• _Task to complete_:
Below, locate the line that contains "Picture 1 of 10". Repeat exactly from that line to the line that contains "Amor Para a", inclusive, leaving out the pictures.

• _Supplied records_:
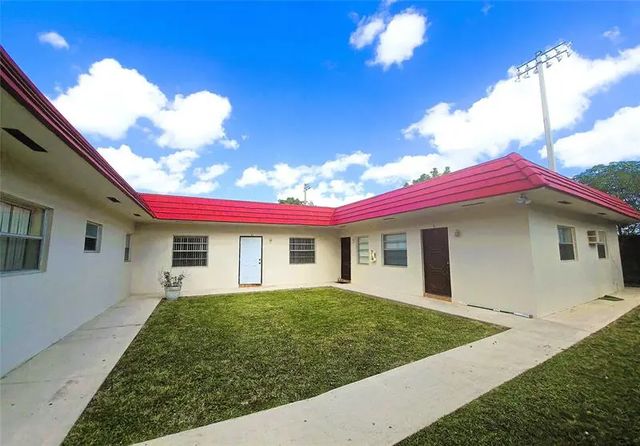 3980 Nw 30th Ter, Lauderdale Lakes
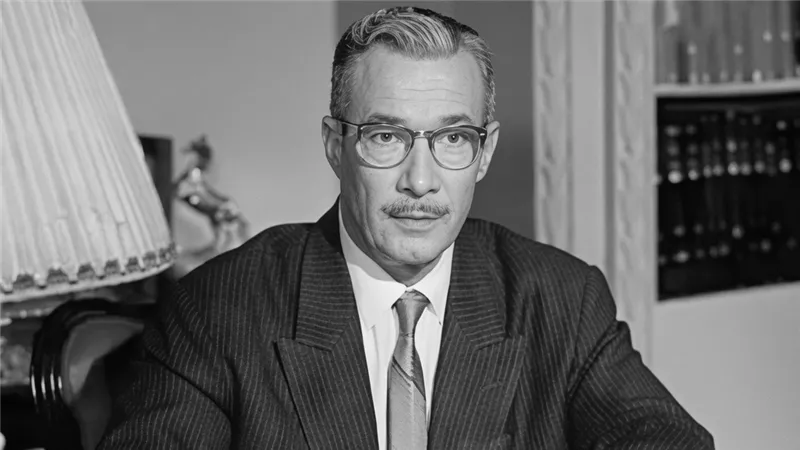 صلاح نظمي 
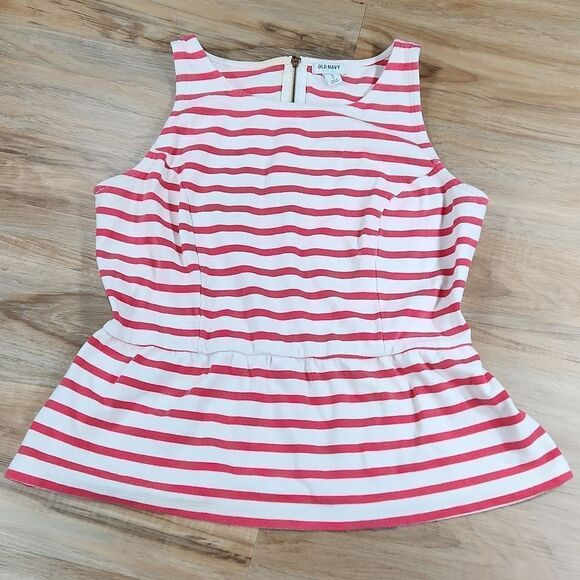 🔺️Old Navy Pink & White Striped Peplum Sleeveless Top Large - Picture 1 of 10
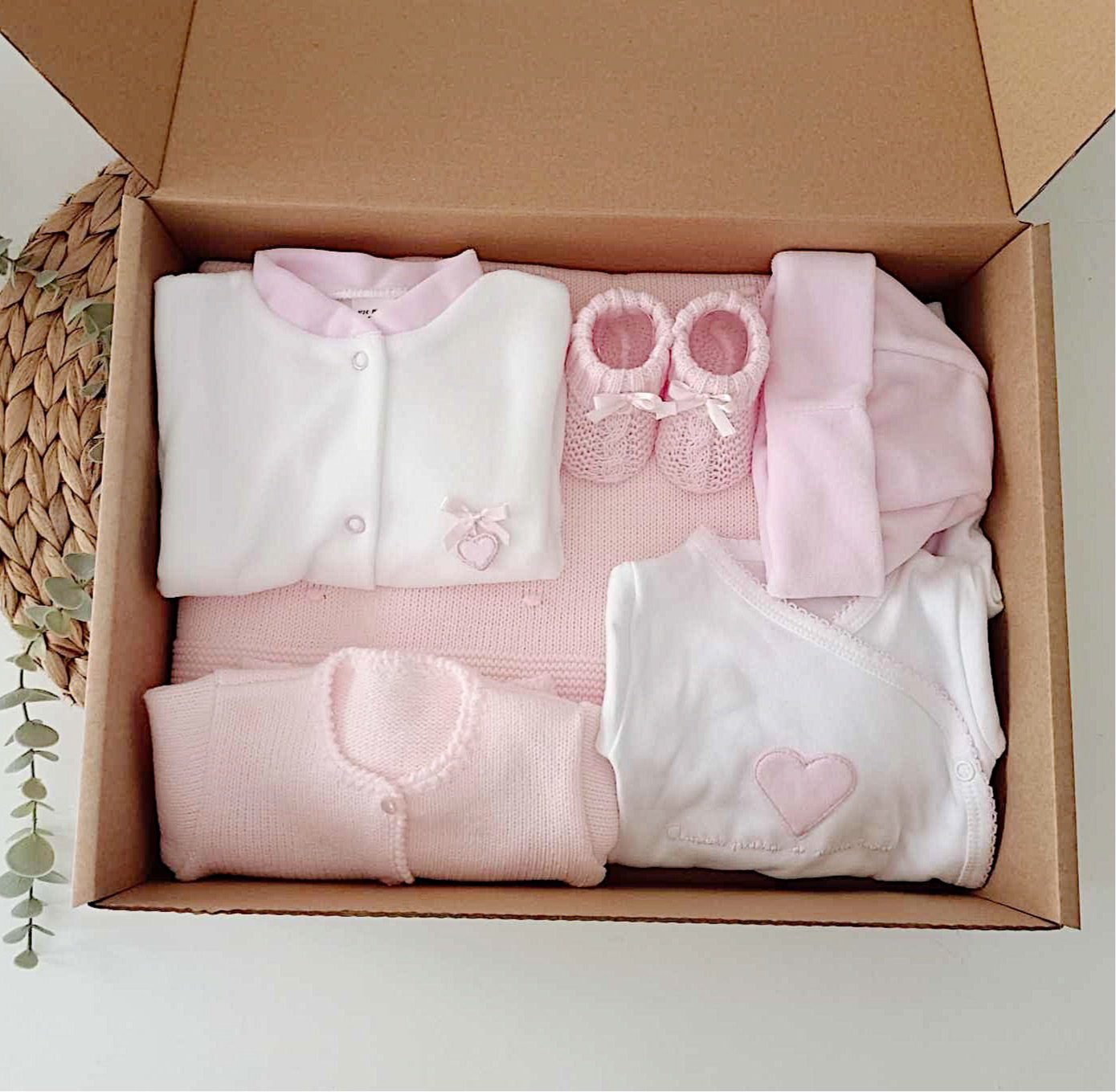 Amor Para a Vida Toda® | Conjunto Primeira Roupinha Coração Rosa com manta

--

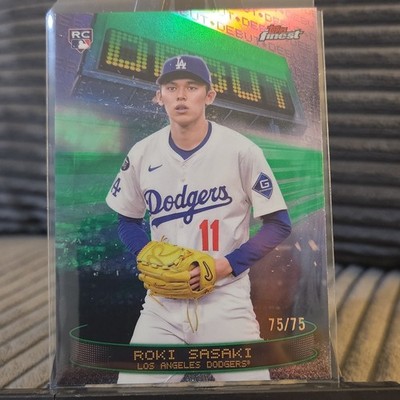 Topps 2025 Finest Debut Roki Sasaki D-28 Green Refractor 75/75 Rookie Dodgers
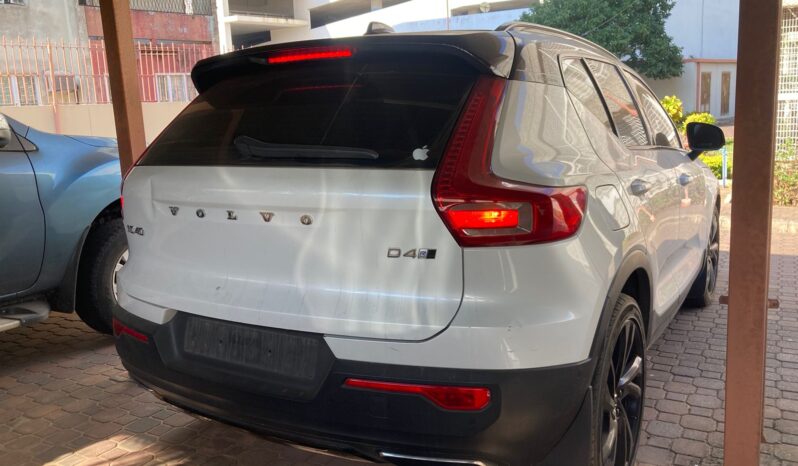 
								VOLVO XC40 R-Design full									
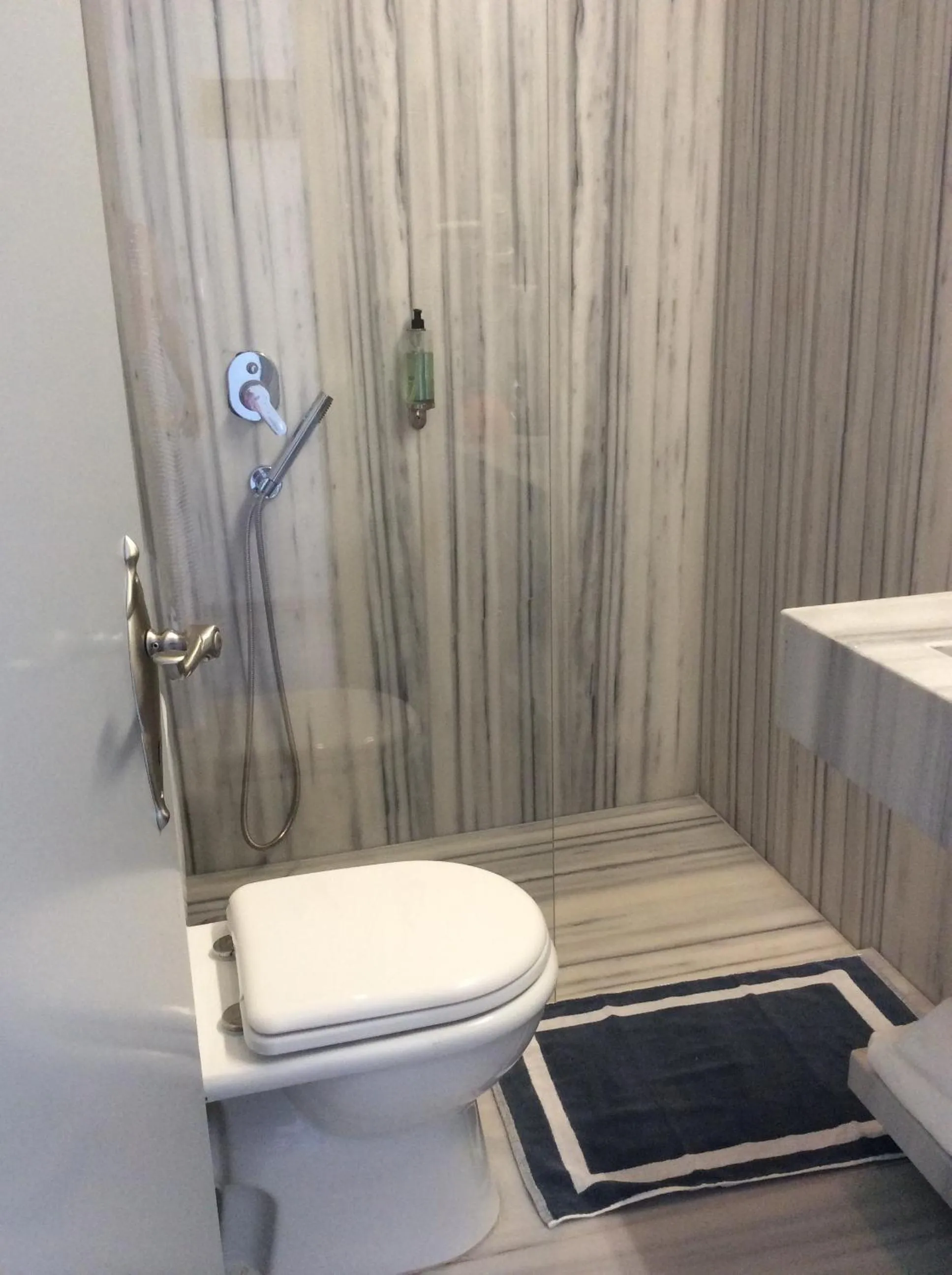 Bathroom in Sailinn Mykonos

--

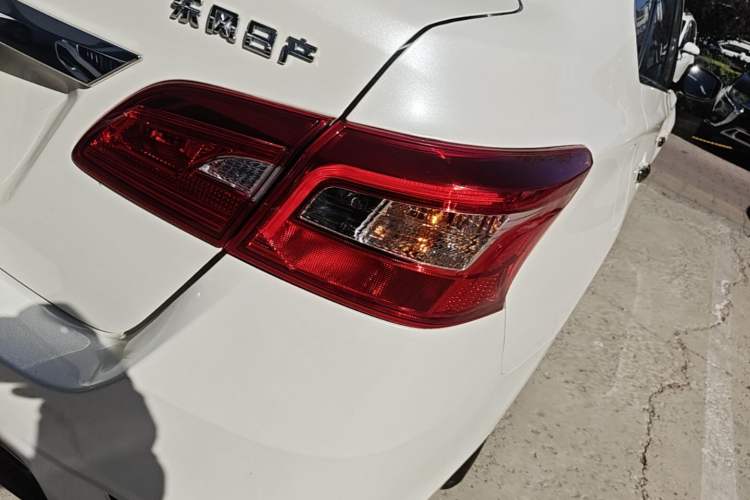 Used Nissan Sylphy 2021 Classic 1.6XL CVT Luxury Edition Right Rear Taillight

• _Solution to this task_:
 🔺️Old Navy Pink & White Striped Peplum Sleeveless Top Large - Picture 1 of 10
 Amor Para a Vida Toda® | Conjunto Primeira Roupinha Coração Rosa com manta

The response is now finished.